### Task to complete
Lines before the one containing "Schöne Windmühlen auf" are not copied; that line and every one after it, through the end of the material below, are printed exactly, without pictures.

### The data
***

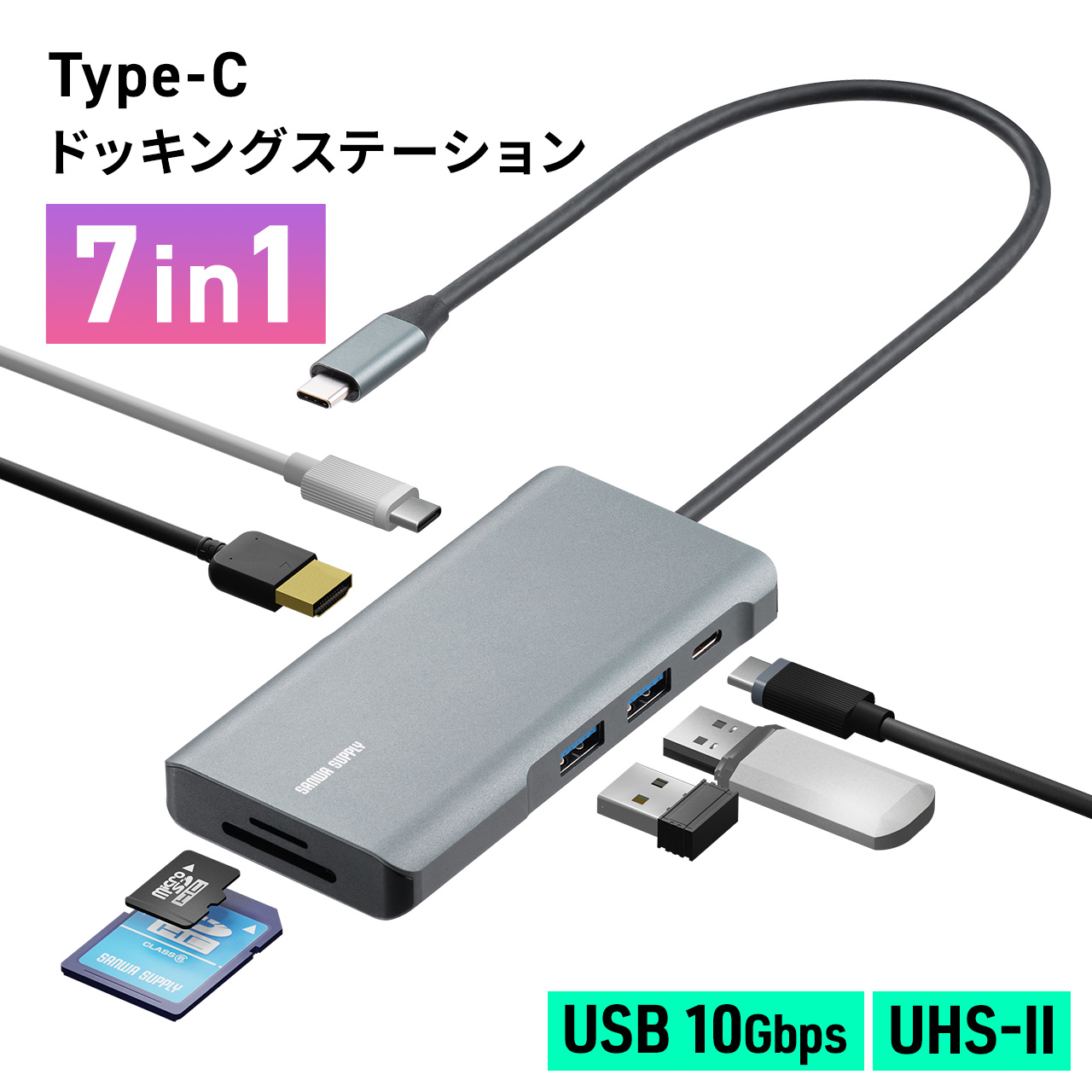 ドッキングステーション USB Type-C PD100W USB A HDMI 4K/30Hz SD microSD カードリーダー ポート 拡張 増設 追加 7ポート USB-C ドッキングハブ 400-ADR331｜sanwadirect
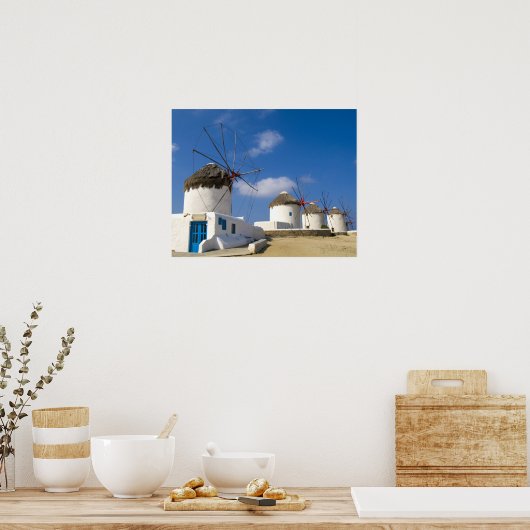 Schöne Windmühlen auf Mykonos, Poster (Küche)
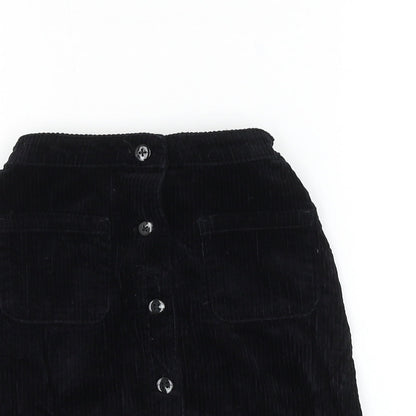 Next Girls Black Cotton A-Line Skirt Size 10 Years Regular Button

***

### Answer for the task
 Schöne Windmühlen auf Mykonos, Poster (Küche)
 Next Girls Black Cotton A-Line Skirt Size 10 Years Regular Button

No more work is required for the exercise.